Sunday, April 04, 2010

The Plain of Despair

Sometimes, life feels way too much like Spenser's in charge.

Yesterday, I went to a real museum to see a real display of real artifacts, put together to tell a meaningful and complex narrative, focusing on the interpretation of provenance and such. It was lovely.

We then wandered around other parts of the museum. There were stuffed pronghorn antelop so faded that you could barely see a difference between the dark area on the back and the light underside. There were stuffed birds galore, but with few identification labels where I most needed them. There was a rainforest display that felt packed to the gills with stuff and more stuff, but less explanation or interpretation. Seriously, they had a big old jeep-like vehicle in the middle. It felt like they'd put everything into the room because there was nowhere else to put it.

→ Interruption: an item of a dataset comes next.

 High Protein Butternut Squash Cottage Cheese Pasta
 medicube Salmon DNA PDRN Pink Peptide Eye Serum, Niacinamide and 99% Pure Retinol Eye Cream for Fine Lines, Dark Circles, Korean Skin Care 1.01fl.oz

And yet, it was still a museum.

The local archaeology part, which I made everyone detour to see, involved a small window display and a side tray thing of arrowpoints.

The city was a city; we drove by buildings that had more than seven stories, by restaurants that promised something more interesting than lefse. It was empty in that Saturday before Easter way, but still, it felt like a real city.

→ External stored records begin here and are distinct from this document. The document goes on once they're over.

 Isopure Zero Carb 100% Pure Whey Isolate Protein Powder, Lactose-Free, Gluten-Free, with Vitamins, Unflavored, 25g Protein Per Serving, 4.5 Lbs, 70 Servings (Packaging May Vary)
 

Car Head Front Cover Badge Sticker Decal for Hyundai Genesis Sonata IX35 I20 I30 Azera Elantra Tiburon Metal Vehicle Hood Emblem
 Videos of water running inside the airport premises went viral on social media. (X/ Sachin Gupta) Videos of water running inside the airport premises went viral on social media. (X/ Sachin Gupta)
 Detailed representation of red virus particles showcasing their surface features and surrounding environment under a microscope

Today I drove home across farmland where the what forests there are grow in rows, where there are no mountains, and where there is a dismaying abundance of garbage.

Seriously, it seems like in the past 8-10 years or so, there's more and more garbage floating around, tossed on the side of highways and byways.

And now I'm back home, looking over garbage tossed somehow into the undeveloped area beyond my yard, in a community where the museum features a mythical blue beast of burden prominantly, though not as a myth.